Jan-Henning Ahrens: The providers of crowdinvesting or issuers as issuers of bonds or securities must comply with the legal requirements arising, for example, from the Investment Act. It regulates which form the offer may have and which persons can invest. Thus, the amount of the investment is limited . Up to 1,000 euros, everything is rather easy, it must be submitted to a self-assessment, which is examined. But more than 10,000 euros will not work then.
In addition, the issuer may not have any corporate influence on the crowdinvesting platform. He may therefore not belong to the management or be connected to the platform under company law.
What risks arise for companies that finance themselves through crowdinvesting? For example, can investors exit the investment if they suddenly want to invest their money differently?
Jan-Henning Ahrens: A general answer is unfortunately not given, as these questions are generally regulated in detail. In most cases, investors will not be able to recover their capital until the contractual conditions have been met. In other words, if everything went smoothly when the bond was issued , the investor would get his capital back if the payment did not jeopardize the continued existence of the financed company . Other rights can only arise if the investor was not informed correctly about the offer.
What distinguishes a reputable provider of crowdinvesting?

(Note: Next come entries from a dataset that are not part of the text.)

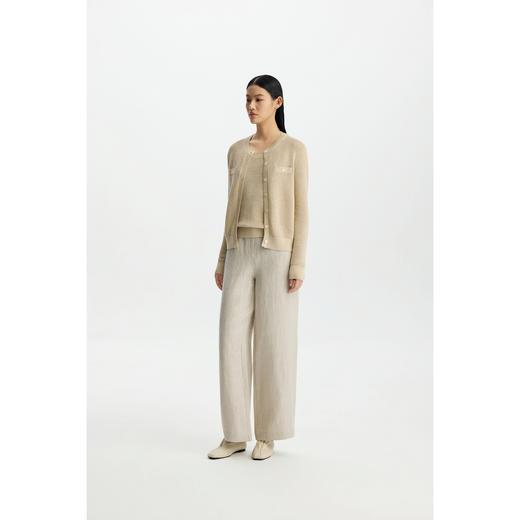 商场同款PURE TOUCH女装26春夏新款针织开衫圆领小香风针织短外套 商品图8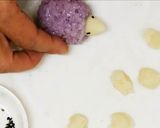 Une image de l'étape 6 de Wagashi en forme d'hérisson.
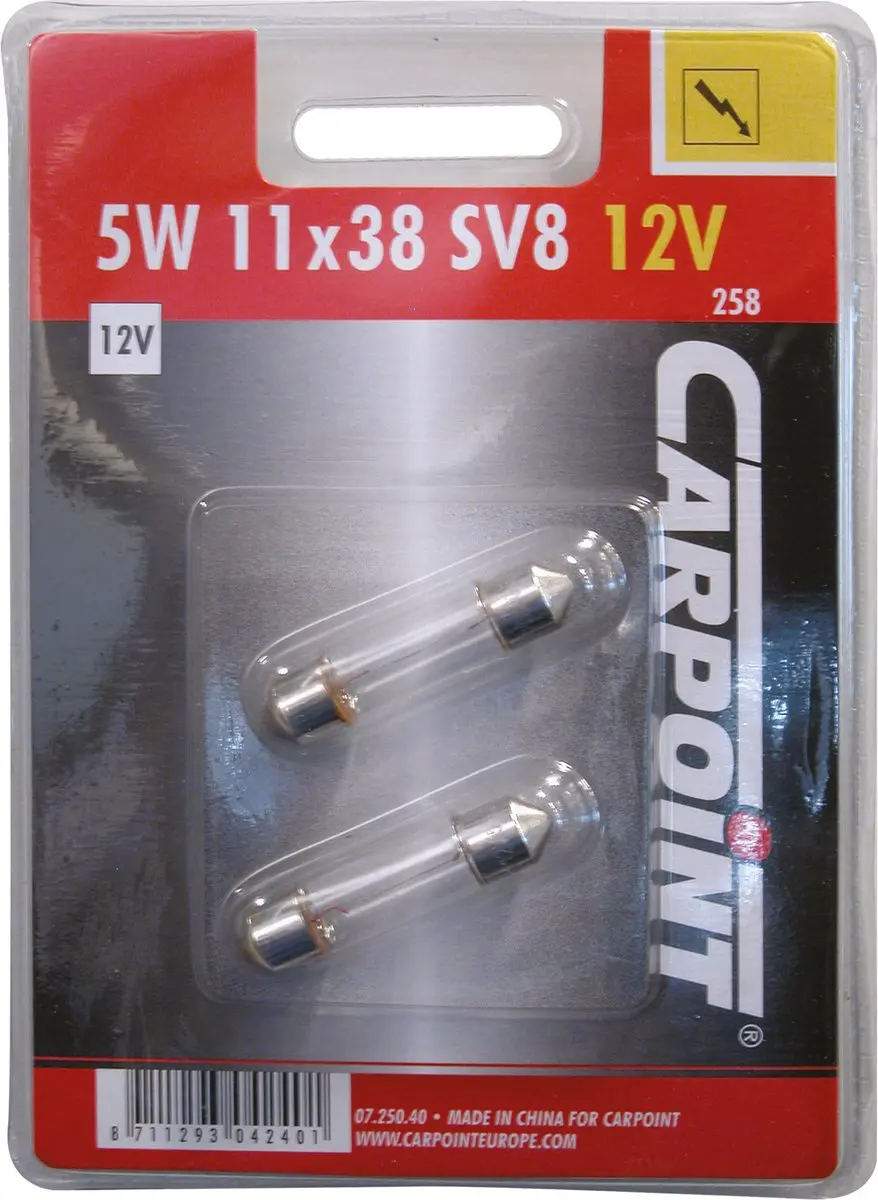Carpoint Autolamp SV8.5 5W - 12V - 2 Stuks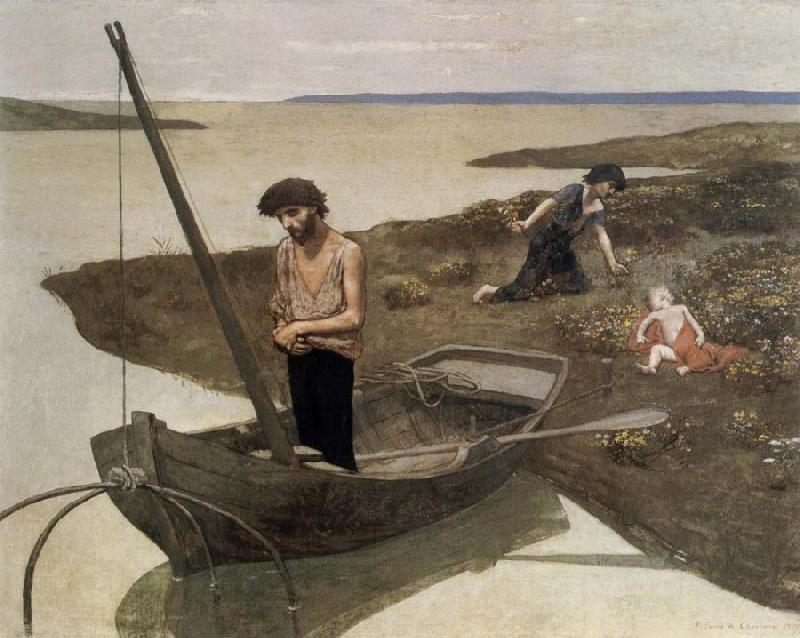 Pierre Puvis de Chavannes The Poor Fisherman Sweden oil painting art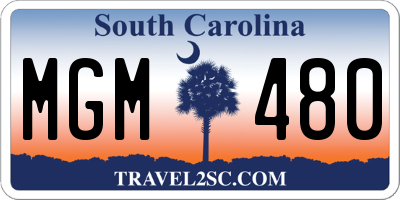 SC license plate MGM480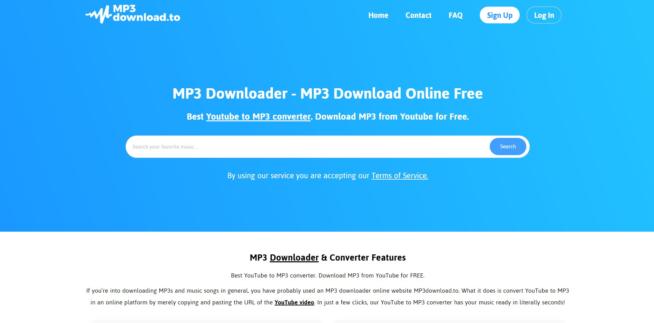 MP3Download.to YouTube to MP3 Converter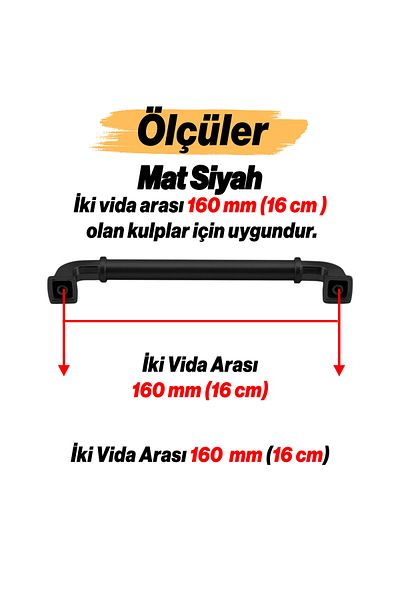 Badem10 Alfa Metal Negru Mat 160 Mm 16 Cm Mobilier Bucătărie Sertar Dulap Dulap Capac Mâner Mâner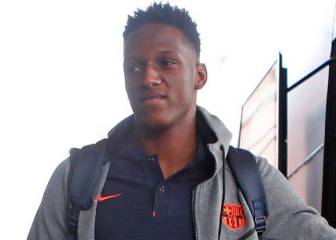 Yerry Mina se entrena al margen de sus compañeros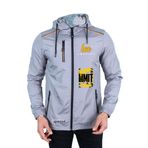 yağmurluk mont nıke su geçirmez spor erkek bayan (gri, l)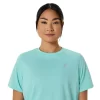 ASICS SILVER SHORT SLEEVE TOP ASICS SILVER SHORT SLEEVE TOP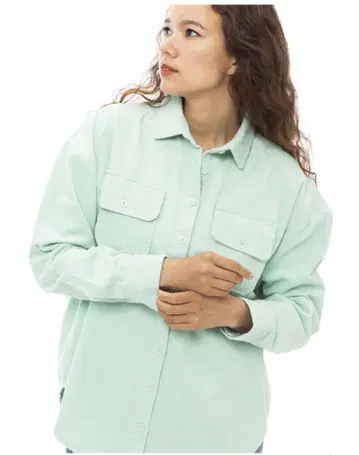 BILLABONG 얇은 그린 자켓 M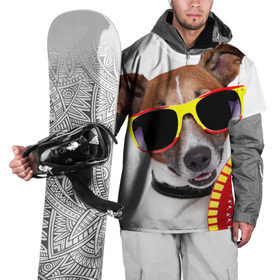 Накидка на куртку 3D с принтом Джек Рассел с веером в Екатеринбурге, 100% полиэстер |  | джек рассел | песик | песики | собака | собаки | терьер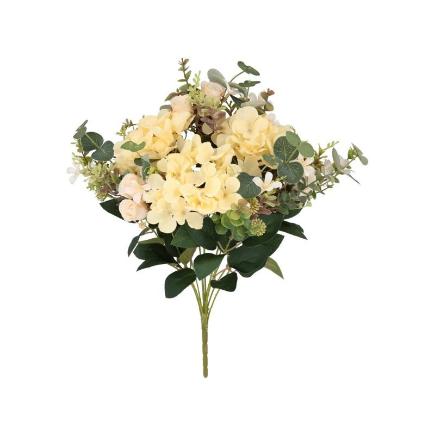 RAMO HORTENSIAS-CAP (A) X 11-52 CM CREMA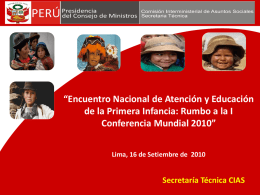 PCM - CIAS - Comisión Nacional Peruana de Cooperación con la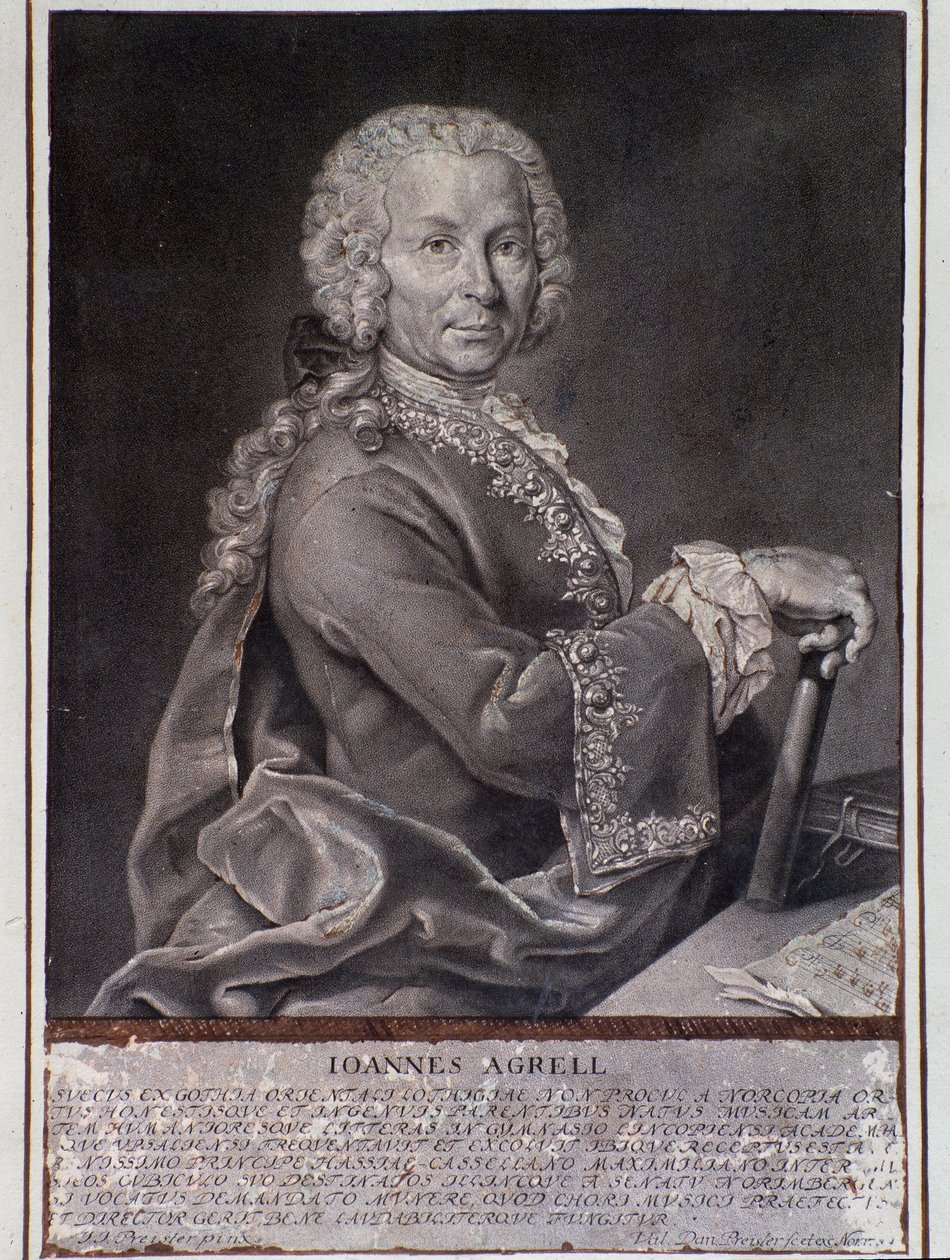 Portrait du compositeur et violoniste suédois Johan Joachim Agrell - Unknown artist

Jan-Henning Ahrens: Of course, transparency . Both the company and the investor need to know what the crowdinvesting platform charges them.
How exactly do you support people who finance themselves through crowdinvesting when things go wrong with the investment?
Jan-Henning Ahrens: We are lawyers and therefore mainly responsible for the legal framework. Of course, we are also there when claims against platforms must be asserted or when investors assert claims against the company . Basically, we see ourselves as capital market lawyers, but also on the investor side.
Thank you for the interview, Mr. Ahrens.